_PROVIDED DATA_
○ ○ ○
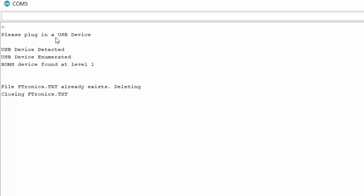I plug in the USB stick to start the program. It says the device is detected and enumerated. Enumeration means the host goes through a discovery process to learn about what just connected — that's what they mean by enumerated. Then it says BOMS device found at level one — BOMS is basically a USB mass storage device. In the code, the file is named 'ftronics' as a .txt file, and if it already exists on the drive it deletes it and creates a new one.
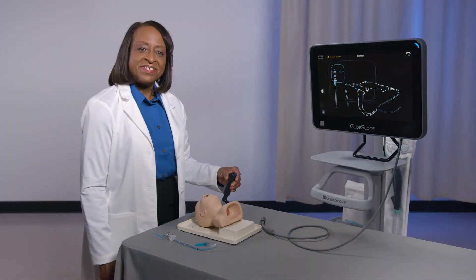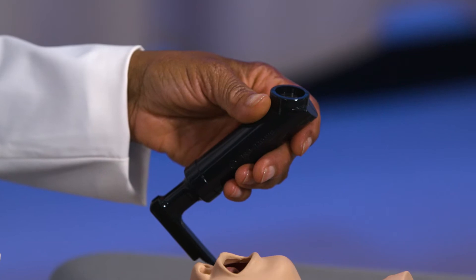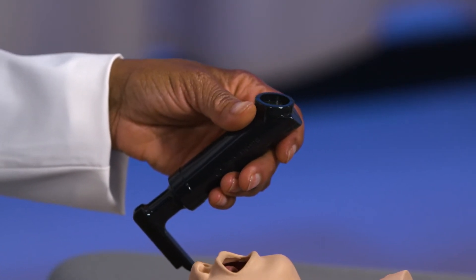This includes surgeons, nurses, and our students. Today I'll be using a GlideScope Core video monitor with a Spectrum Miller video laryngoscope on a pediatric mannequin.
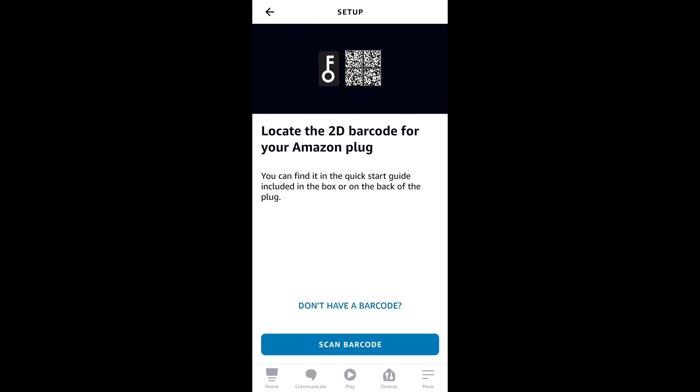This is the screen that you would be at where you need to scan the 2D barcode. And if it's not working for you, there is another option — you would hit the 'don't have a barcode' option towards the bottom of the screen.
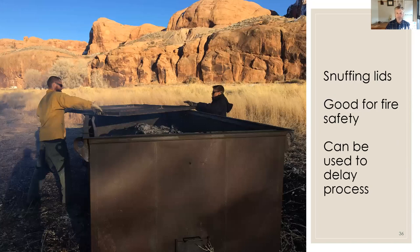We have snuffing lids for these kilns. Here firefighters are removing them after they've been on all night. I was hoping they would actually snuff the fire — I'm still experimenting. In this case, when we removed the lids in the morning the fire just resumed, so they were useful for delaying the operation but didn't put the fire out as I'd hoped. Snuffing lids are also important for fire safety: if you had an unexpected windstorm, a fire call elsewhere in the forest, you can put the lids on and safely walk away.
○ ○ ○
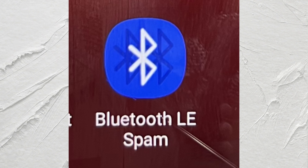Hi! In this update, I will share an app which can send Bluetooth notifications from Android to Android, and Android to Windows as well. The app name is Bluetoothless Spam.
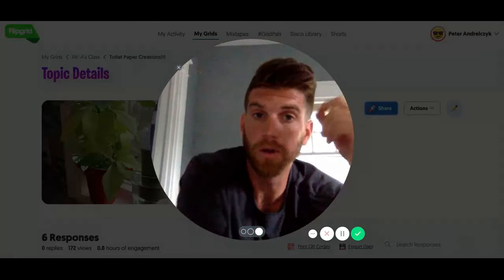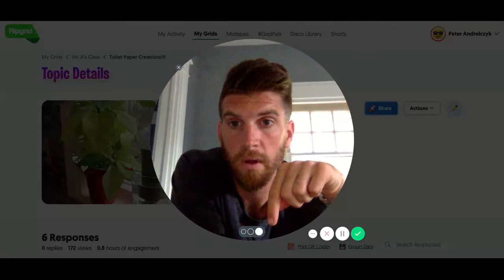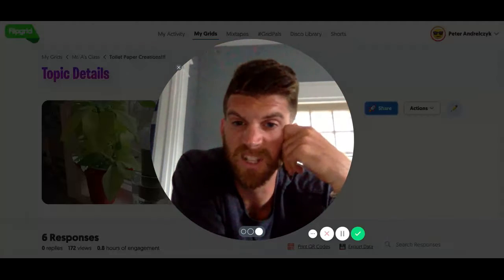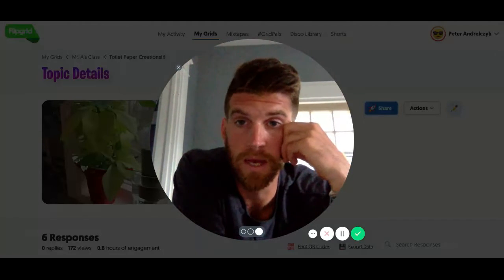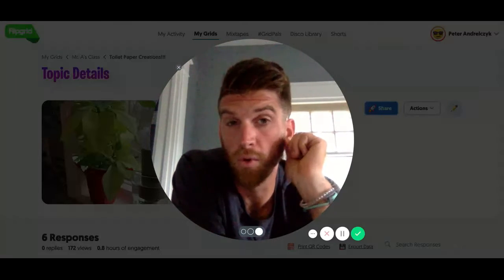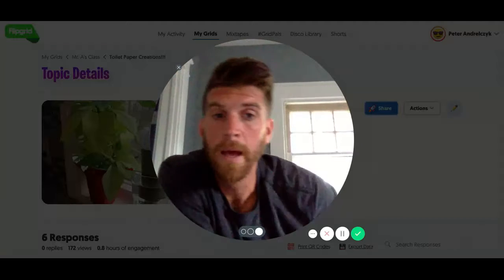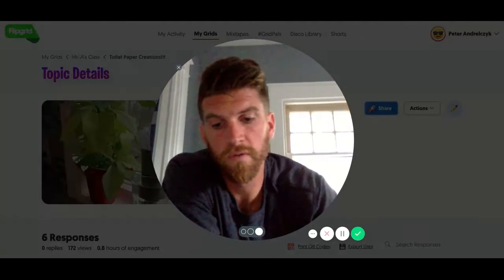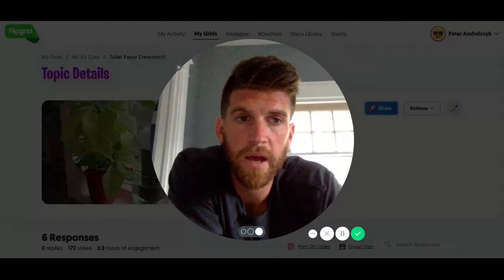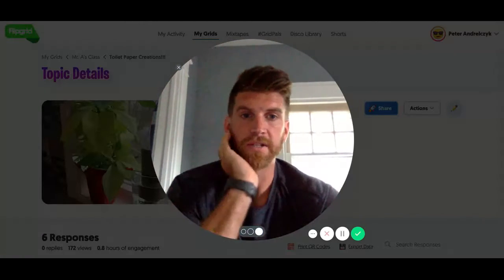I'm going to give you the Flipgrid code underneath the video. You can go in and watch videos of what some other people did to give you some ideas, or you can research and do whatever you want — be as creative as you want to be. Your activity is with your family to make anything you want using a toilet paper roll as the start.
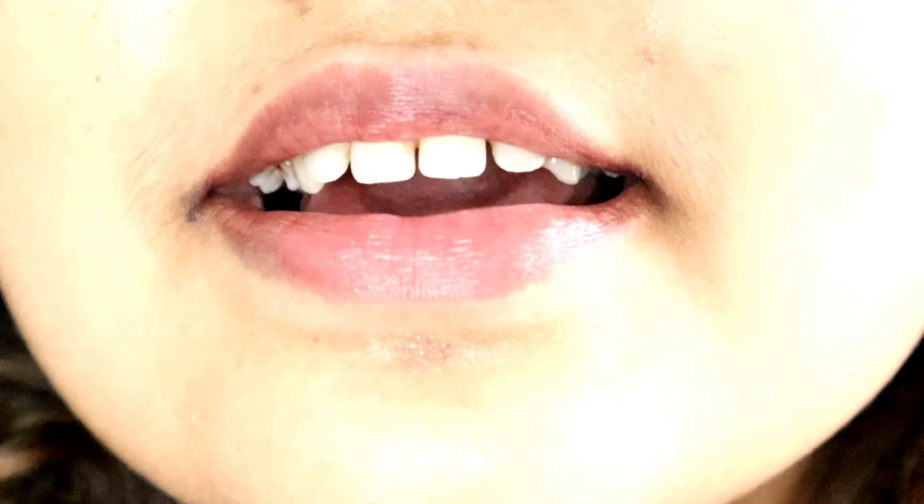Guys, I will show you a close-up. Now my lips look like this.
○ ○ ○
_YOUR OBJECTIVE_
Copy only what runs above from the line containing "I plug in the" through the line containing "This includes surgeons, nurses, and", exactly. Leave out the pictures.

_EXPECTED ANSWER_
I plug in the USB stick to start the program. It says the device is detected and enumerated. Enumeration means the host goes through a discovery process to learn about what just connected — that's what they mean by enumerated. Then it says BOMS device found at level one — BOMS is basically a USB mass storage device. In the code, the file is named 'ftronics' as a .txt file, and if it already exists on the drive it deletes it and creates a new one.
This includes surgeons, nurses, and our students. Today I'll be using a GlideScope Core video monitor with a Spectrum Miller video laryngoscope on a pediatric mannequin.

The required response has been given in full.